And it’s not like Jerry Reinsdorf knew, either.
Reinsdorf knew Jordan was good. He was a baseball guy, but also a basketball fan. He loved the New York Knicks teams of the early 1970s and shared a season ticket to the Bulls games in the 1970s because his son Michael, now an alternate NBA governor for the Bulls, liked basketball.
Reinsdorf had gotten involved as a minority investor in failed efforts to purchase the San Francisco Giants and later the New York Mets. He was having lunch one day with fellow baseball owner George Steinbrenner, who happened to be one of seven major owners of the Bulls. Steinbrenner, as usual, was complaining about the mess the Bulls were and Reinsdorf said he’d be interested in owning the team. There were potential equities of scale and who knows if he’d be able to hang onto the Sox in the volatile baseball world. He wanted to remain in professional sports. “Are you serious?” Steinbrenner wondered. Reinsdorf was. He soon got a call from Bulls principal Lester Crown.
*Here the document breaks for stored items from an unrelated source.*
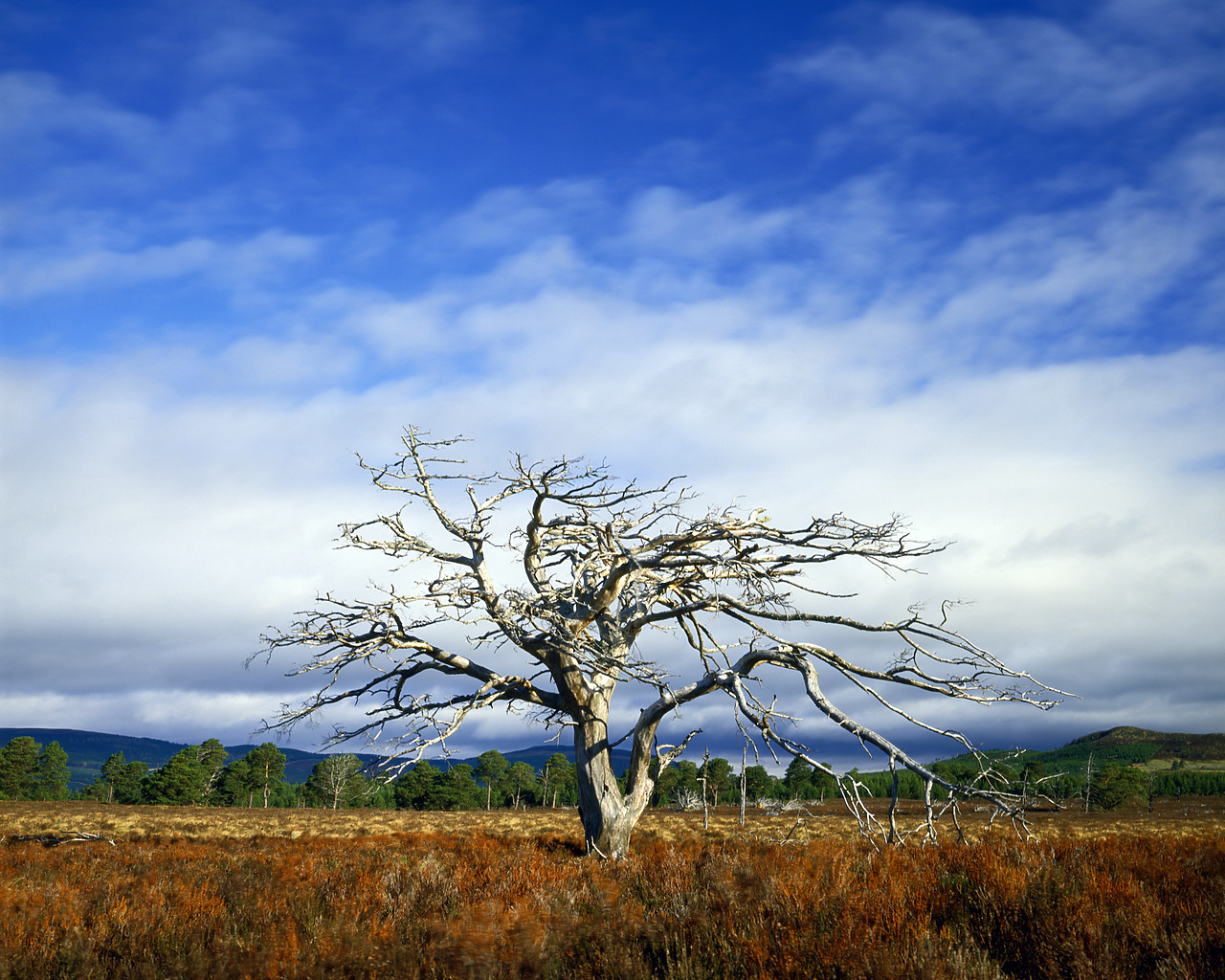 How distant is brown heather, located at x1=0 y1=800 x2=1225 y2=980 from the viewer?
15.9ft

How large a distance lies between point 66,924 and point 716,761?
82.2 metres

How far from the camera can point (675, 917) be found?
5953 mm

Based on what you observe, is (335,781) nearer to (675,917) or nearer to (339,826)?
(339,826)

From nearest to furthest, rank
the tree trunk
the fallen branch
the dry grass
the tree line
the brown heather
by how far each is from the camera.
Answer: the brown heather
the tree trunk
the fallen branch
the dry grass
the tree line

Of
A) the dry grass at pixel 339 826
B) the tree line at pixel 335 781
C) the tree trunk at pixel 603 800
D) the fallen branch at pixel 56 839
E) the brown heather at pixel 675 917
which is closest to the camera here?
the brown heather at pixel 675 917

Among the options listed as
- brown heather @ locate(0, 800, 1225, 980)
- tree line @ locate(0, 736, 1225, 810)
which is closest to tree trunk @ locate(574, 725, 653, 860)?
brown heather @ locate(0, 800, 1225, 980)

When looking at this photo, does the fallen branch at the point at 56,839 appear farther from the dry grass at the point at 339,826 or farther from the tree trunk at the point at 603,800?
the tree trunk at the point at 603,800

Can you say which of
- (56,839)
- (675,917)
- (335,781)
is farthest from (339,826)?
(675,917)

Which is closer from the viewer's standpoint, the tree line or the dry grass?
the dry grass

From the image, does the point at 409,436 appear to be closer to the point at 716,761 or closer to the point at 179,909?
the point at 179,909

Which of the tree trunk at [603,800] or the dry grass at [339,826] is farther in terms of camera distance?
the dry grass at [339,826]

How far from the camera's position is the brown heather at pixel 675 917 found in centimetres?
484

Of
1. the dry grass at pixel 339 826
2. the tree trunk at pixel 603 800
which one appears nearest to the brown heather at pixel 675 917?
the tree trunk at pixel 603 800

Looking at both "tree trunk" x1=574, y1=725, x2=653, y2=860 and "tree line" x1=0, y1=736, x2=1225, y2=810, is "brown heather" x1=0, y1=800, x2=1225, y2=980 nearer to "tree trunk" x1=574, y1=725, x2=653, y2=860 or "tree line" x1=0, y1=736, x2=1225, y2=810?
"tree trunk" x1=574, y1=725, x2=653, y2=860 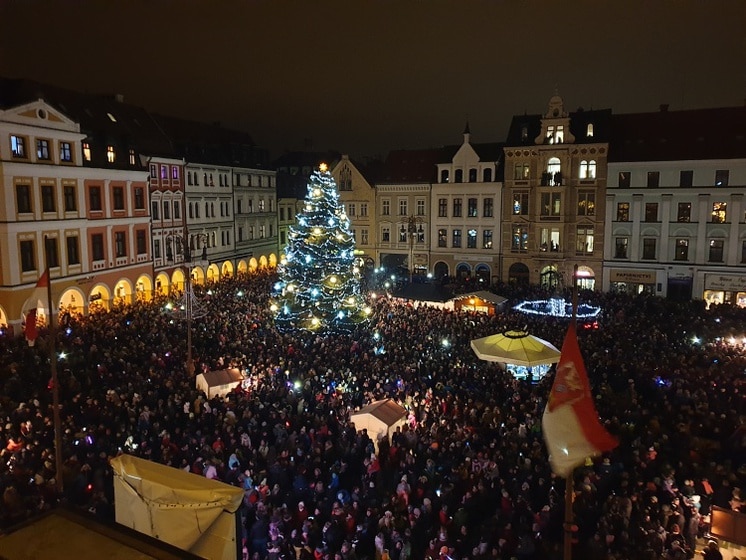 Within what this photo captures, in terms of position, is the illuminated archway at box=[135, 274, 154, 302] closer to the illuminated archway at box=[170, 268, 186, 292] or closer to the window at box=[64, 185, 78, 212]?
the illuminated archway at box=[170, 268, 186, 292]

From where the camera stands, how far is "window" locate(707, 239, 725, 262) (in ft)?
123

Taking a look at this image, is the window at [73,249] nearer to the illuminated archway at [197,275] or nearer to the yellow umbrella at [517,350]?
the illuminated archway at [197,275]

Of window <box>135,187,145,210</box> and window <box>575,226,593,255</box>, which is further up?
window <box>135,187,145,210</box>

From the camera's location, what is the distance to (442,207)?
47406mm

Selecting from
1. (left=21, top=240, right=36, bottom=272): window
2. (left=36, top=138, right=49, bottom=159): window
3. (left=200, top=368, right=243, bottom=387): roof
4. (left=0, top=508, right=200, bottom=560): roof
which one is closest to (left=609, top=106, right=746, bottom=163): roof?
(left=200, top=368, right=243, bottom=387): roof

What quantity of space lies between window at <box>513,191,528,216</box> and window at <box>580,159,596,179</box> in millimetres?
4260

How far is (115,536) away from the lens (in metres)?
4.69

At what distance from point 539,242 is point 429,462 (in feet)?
107

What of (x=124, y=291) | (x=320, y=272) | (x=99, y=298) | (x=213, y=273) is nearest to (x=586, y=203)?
(x=320, y=272)

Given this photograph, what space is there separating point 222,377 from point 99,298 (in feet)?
58.1

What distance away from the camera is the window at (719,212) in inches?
1476

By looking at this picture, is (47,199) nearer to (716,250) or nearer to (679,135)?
(679,135)

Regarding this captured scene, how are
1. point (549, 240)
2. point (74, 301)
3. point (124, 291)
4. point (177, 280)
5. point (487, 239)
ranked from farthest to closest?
point (487, 239) → point (549, 240) → point (177, 280) → point (124, 291) → point (74, 301)

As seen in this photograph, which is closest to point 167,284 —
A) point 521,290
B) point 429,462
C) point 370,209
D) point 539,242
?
point 370,209
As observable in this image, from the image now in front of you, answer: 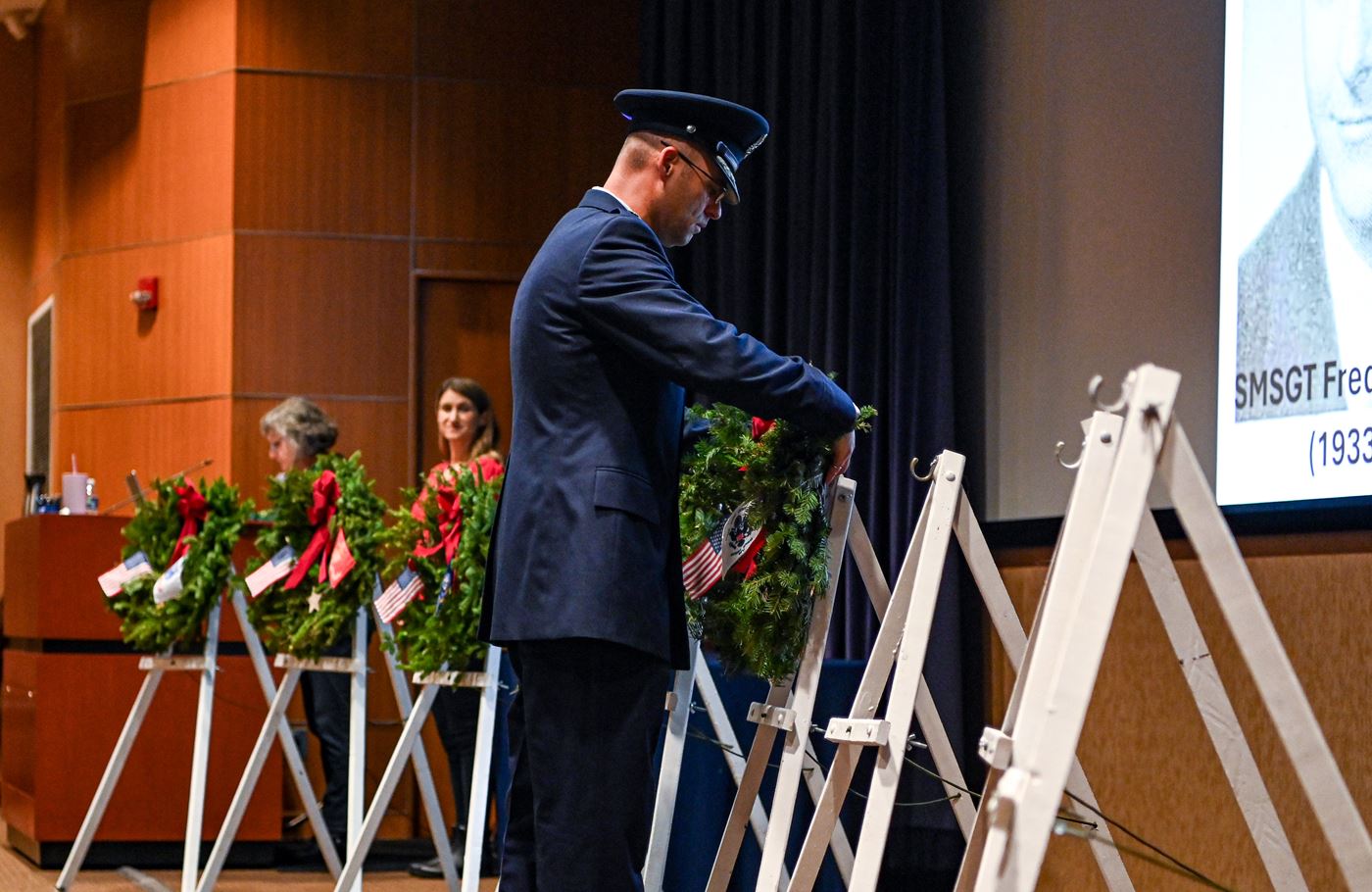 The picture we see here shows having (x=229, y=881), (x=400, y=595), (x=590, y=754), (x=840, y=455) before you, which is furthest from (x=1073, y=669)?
(x=229, y=881)

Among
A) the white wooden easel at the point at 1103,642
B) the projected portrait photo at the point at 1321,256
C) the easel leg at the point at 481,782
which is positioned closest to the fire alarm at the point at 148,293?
the easel leg at the point at 481,782

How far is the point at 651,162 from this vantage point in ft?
8.27

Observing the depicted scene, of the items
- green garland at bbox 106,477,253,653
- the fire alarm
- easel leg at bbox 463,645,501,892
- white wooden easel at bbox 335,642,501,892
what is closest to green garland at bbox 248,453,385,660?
green garland at bbox 106,477,253,653

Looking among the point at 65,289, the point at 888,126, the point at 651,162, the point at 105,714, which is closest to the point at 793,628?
the point at 651,162

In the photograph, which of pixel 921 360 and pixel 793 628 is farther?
pixel 921 360

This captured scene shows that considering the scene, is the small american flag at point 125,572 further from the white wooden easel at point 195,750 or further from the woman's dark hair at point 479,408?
the woman's dark hair at point 479,408

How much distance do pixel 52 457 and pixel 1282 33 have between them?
6039 mm

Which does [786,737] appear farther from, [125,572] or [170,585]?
[125,572]

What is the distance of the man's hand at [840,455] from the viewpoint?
2.58m

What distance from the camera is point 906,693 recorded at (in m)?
2.37

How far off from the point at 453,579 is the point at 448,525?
0.12 meters

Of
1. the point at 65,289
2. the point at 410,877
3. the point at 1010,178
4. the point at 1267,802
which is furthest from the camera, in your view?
the point at 65,289

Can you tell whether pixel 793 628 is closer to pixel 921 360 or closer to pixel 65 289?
pixel 921 360

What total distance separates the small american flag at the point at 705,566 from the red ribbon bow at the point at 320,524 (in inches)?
63.3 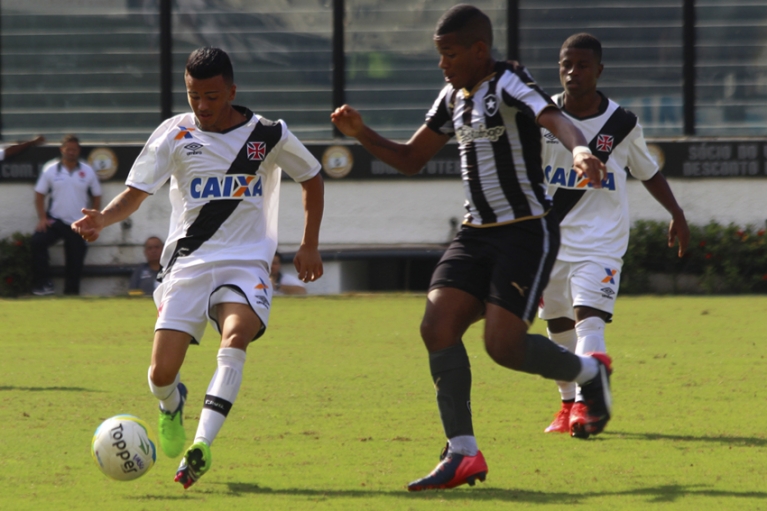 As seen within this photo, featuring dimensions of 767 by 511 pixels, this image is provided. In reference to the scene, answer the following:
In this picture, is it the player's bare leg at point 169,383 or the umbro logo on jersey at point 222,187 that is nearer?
the player's bare leg at point 169,383

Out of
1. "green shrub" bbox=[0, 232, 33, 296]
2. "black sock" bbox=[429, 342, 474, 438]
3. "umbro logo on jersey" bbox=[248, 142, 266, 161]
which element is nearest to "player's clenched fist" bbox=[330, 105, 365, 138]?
"umbro logo on jersey" bbox=[248, 142, 266, 161]

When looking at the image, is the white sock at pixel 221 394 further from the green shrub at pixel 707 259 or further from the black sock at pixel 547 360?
the green shrub at pixel 707 259

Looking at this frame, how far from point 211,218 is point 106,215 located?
1.81ft

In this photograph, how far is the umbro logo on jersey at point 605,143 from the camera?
23.7 feet

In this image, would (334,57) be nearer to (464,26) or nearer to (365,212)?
(365,212)

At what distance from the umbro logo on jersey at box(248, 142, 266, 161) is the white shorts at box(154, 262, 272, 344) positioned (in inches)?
22.4

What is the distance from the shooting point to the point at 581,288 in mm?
7074

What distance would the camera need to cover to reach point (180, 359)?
Result: 5.85 m

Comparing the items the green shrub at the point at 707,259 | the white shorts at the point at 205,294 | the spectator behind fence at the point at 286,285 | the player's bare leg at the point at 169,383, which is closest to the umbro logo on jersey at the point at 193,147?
the white shorts at the point at 205,294

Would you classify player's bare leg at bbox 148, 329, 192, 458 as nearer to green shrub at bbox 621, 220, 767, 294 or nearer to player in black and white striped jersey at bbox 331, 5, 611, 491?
player in black and white striped jersey at bbox 331, 5, 611, 491

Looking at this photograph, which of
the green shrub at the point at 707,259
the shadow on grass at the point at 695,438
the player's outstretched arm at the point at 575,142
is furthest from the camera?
the green shrub at the point at 707,259

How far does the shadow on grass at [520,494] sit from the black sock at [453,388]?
11.1 inches

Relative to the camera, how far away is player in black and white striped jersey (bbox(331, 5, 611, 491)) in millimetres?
5340

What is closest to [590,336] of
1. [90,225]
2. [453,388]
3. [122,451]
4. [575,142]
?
[453,388]
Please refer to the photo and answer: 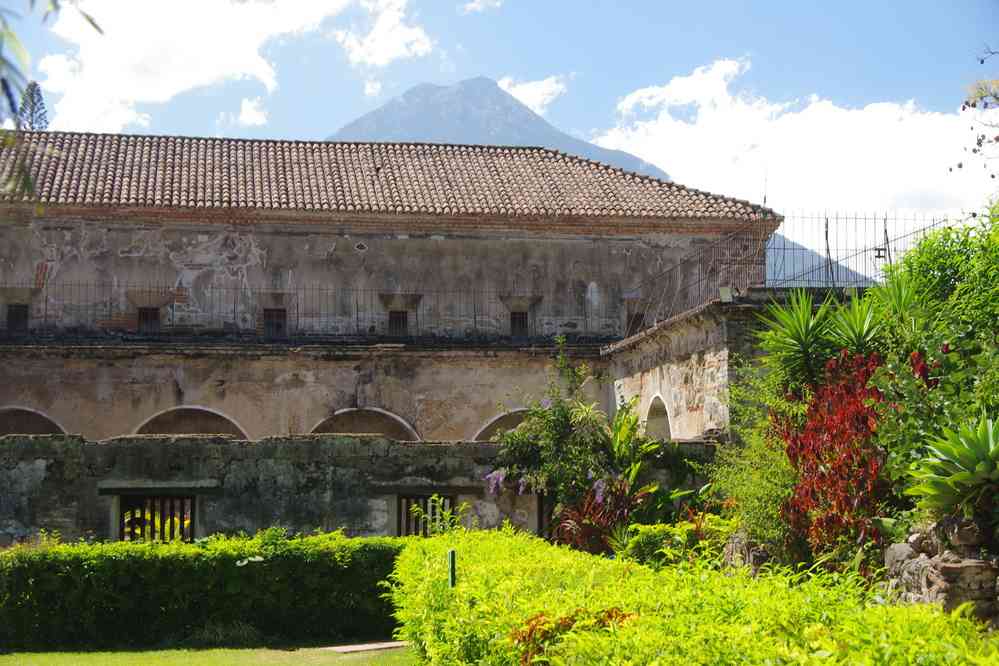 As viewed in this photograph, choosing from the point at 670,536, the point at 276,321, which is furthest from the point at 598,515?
the point at 276,321

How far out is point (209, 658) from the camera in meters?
10.8

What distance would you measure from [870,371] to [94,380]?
54.2 ft

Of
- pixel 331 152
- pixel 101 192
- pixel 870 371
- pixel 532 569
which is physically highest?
pixel 331 152

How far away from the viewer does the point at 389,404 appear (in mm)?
23281

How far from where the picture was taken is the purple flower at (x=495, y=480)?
49.3ft

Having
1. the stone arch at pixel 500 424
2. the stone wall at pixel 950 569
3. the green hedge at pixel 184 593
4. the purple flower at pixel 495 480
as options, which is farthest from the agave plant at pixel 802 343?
the stone arch at pixel 500 424

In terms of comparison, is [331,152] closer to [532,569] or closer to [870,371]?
[870,371]

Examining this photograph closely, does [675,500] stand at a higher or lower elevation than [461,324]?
lower

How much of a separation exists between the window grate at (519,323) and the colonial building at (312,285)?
0.05 metres

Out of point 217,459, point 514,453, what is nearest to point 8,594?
point 217,459

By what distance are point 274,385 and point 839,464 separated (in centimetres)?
1474

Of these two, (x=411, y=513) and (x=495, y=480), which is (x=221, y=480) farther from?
(x=495, y=480)

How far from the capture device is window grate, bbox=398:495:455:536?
15.2 metres

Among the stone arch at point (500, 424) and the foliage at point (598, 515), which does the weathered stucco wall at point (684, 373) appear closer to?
the foliage at point (598, 515) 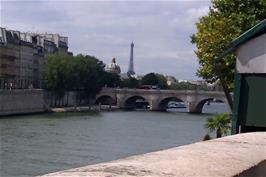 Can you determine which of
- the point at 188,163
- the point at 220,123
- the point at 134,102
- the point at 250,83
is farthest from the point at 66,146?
the point at 134,102

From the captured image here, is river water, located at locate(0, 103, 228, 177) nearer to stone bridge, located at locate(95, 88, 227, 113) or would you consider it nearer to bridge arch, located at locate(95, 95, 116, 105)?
stone bridge, located at locate(95, 88, 227, 113)

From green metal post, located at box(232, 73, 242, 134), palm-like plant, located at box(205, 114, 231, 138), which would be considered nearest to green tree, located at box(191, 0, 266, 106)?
green metal post, located at box(232, 73, 242, 134)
Reinsdorf put together a group of 24 investors to purchase about 60 percent of the franchise, then selling for about $16 million. Reinsdorf didn’t know that much about basketball, but he knew what he liked, that Knicks team based on defense and ball movement.
Reinsdorf used to complain to Phil Jackson about the Bulls’ relatively poor free throw shooting in those championship seasons and Jackson used to joke with him that free throw shooting was all he’d hear about from the short Jewish guys since that was all they could ever do in basketball.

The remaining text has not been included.